So it turns out I had the LCD pinouts back to front
My first attempt at reflow soldering went well. Little bit too much paste - bridge on a pin that didn't matter.
but the LCD backlight driver didn't work. Progress was hampered by the fact that I've only ever done Arduino. Between Keil and TrueStudio, I had a hard time getting the discovery board example programs to compile. I needed them to compile so that I could add in an 'HAL_GPIOB pin1 enable' thingy.. i.e. turn on the LCD backlight, since the examples are all meant for the amoled screen with no backlight.
I did some playing. In fact I burned out one of my LCD flat flex by sticking a li-po on it and getting the polarity back to front. I guess this is why I need a current limiting power supply.
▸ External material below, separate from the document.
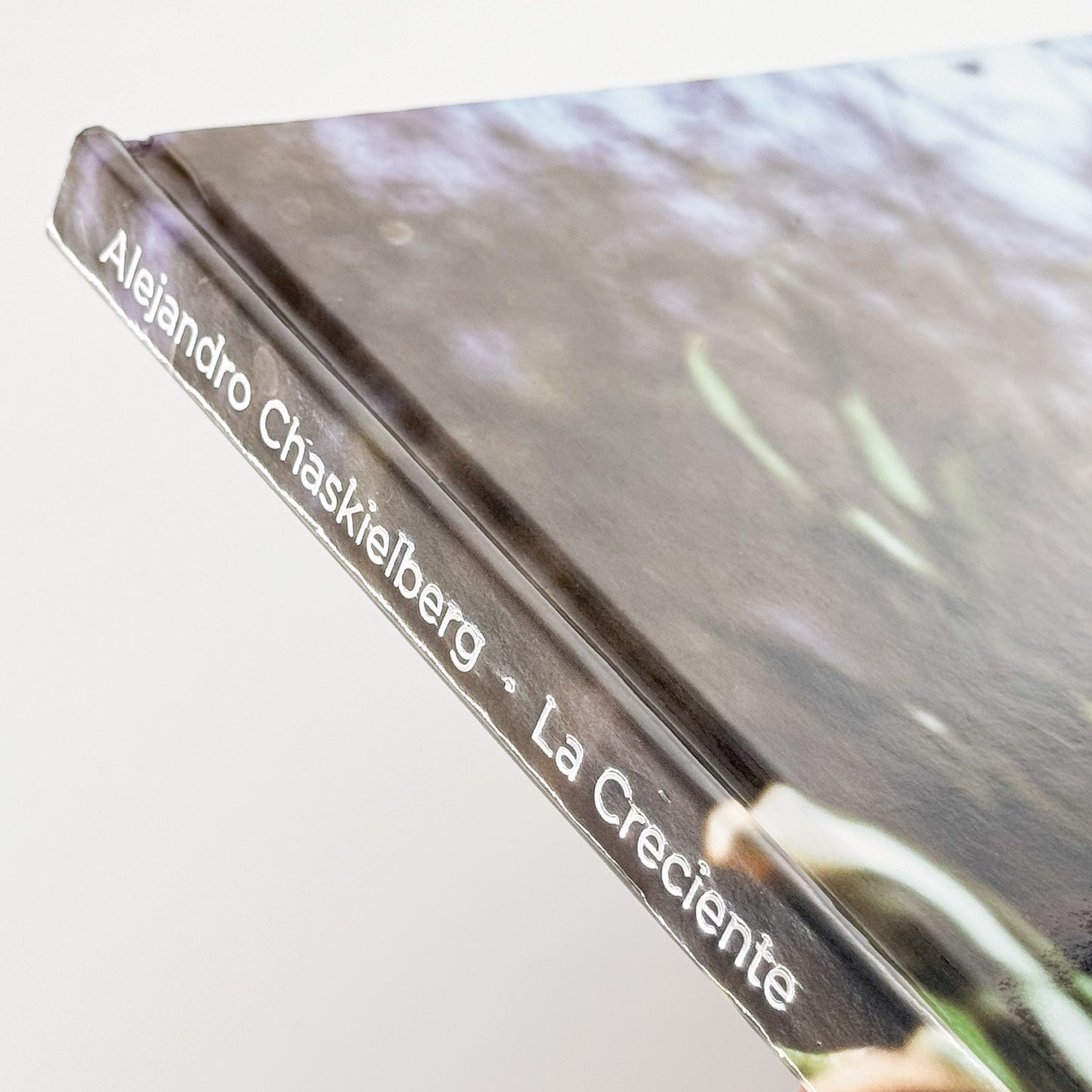 アレハンドロ・チャスキールバーグ写真集  Alejandro CHASKIELBERG　La Creciente / Nazraeli Press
DP711 or DP832 though.. ? DP832 is more money but crucially its kind of huge
Anyway then I constructed a better test.. 5 plain LEDs wired in series on some breadboard, to be driven by my little circuit. and it worked! 3.3v in, drives 5x LEDs nicely.
Then I looked closely at the LCD datasheet for the FFC pinouts and it looks like I had it the wrong way up. Well, what I mean is that I assumed the FPC to be going in the connector at top-contact rather than bottom contact. So pins 1-17 should be pins 17-1 instead. Left to right-flip.
I don't think this is fixable. So I have 49 keychain PCBs
In all honesty, it quickly became apparent that I have made myself a PCB here that's very difficult to debug (since it's face down when fitted to the ST Discovery board). Perhaps I'll spend a bit more time on rev 2 and put some test points, as well as maybe more than one type of LCD connector.